### [Task prompt]
Only the lines from the one containing "Twirest 25CM Height-Double" to the end of the listing below should be returned, exactly as written and without pictures.

### [Information provided]

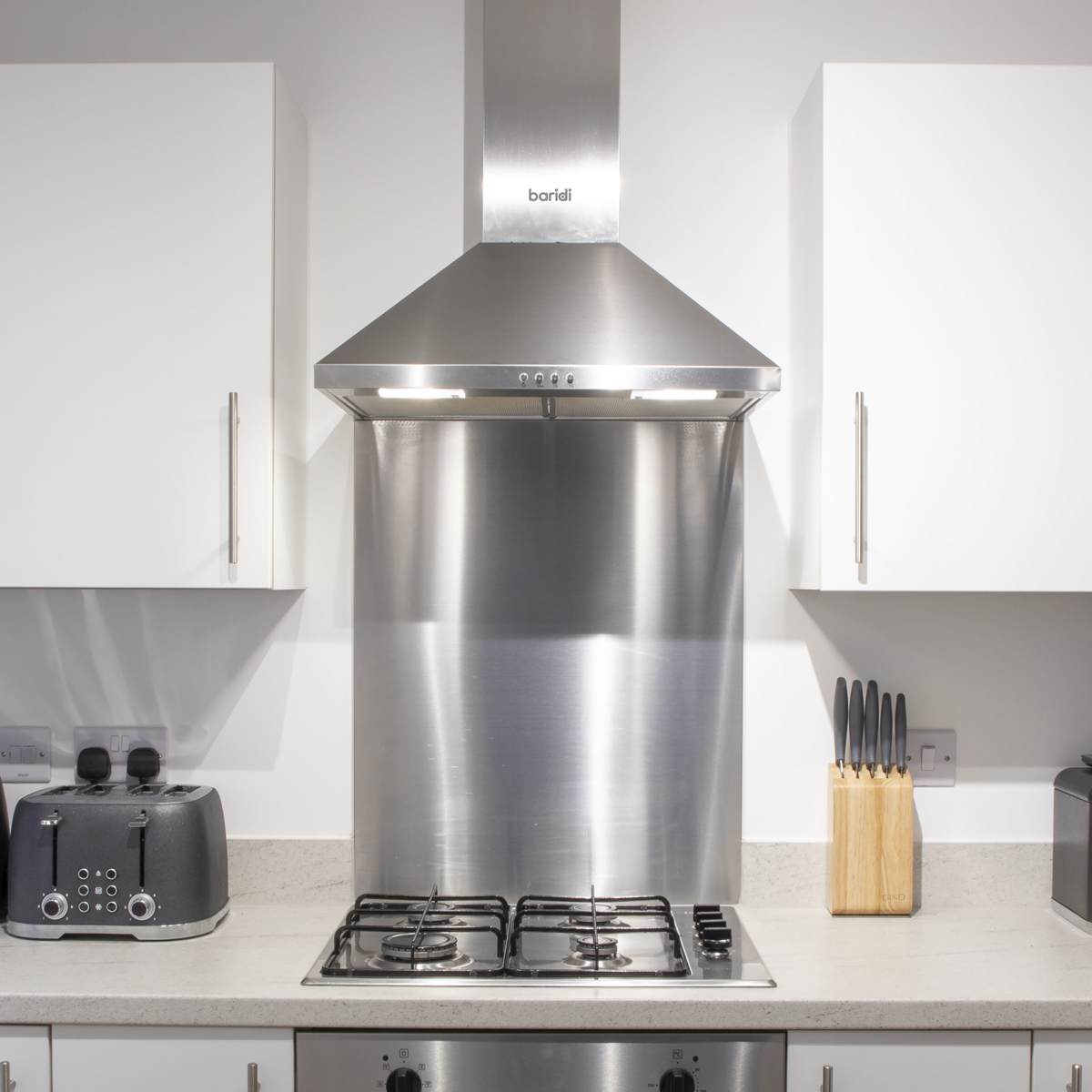 Baridi Chimney Style Cooker Hood with Splashback 60cm, Stainless Steel (DH207)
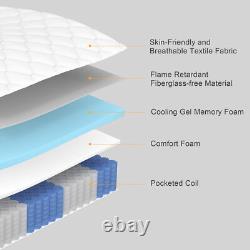 Twirest 25CM Height-Double Mattresses Pocket Sprung Memory Foam Boxed Mattress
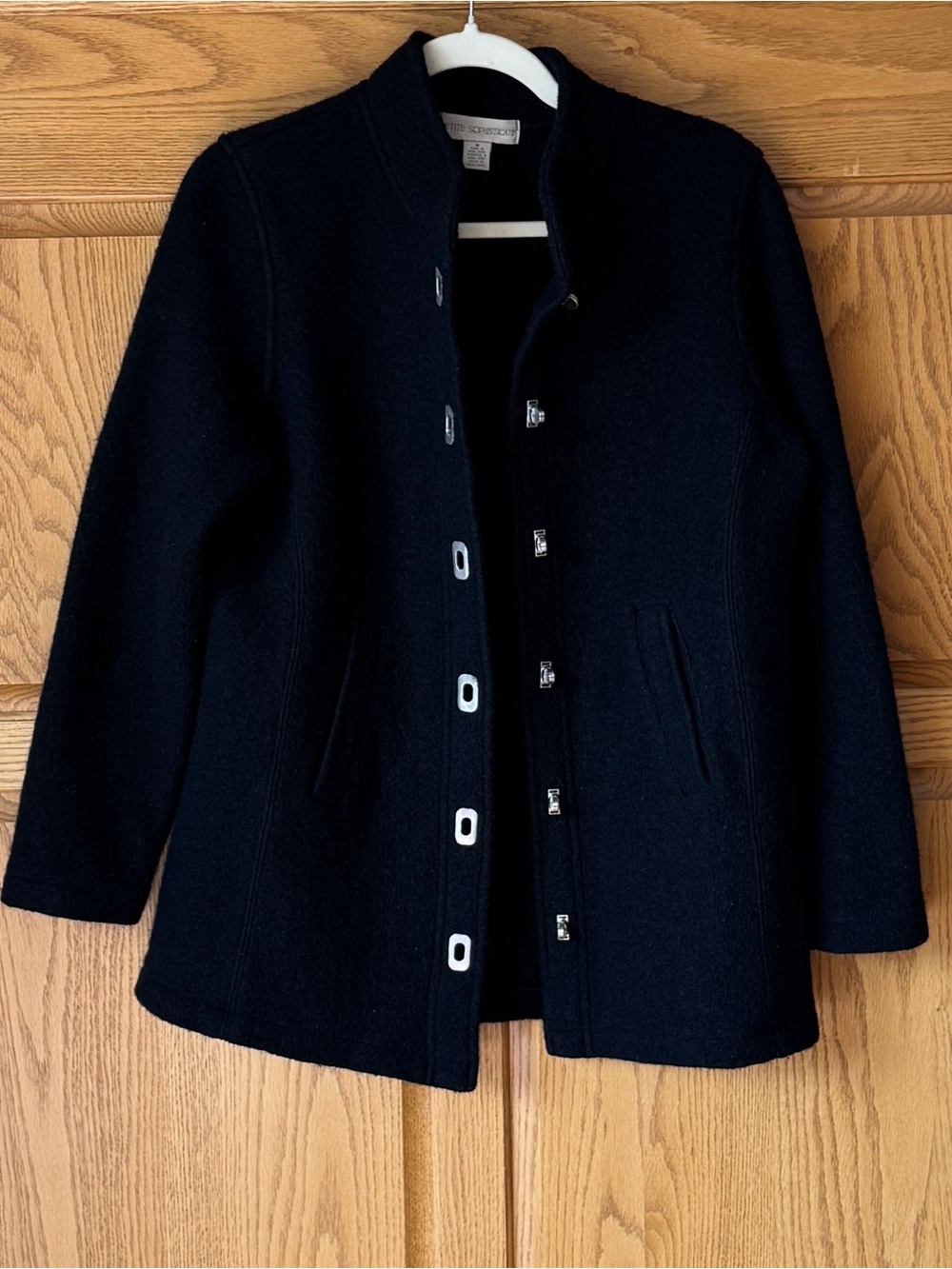 VTG Petite Sophisticate 100% Wool Black Stand-Collar Coat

### [Response to the exercise]
 Twirest 25CM Height-Double Mattresses Pocket Sprung Memory Foam Boxed Mattress
 VTG Petite Sophisticate 100% Wool Black Stand-Collar Coat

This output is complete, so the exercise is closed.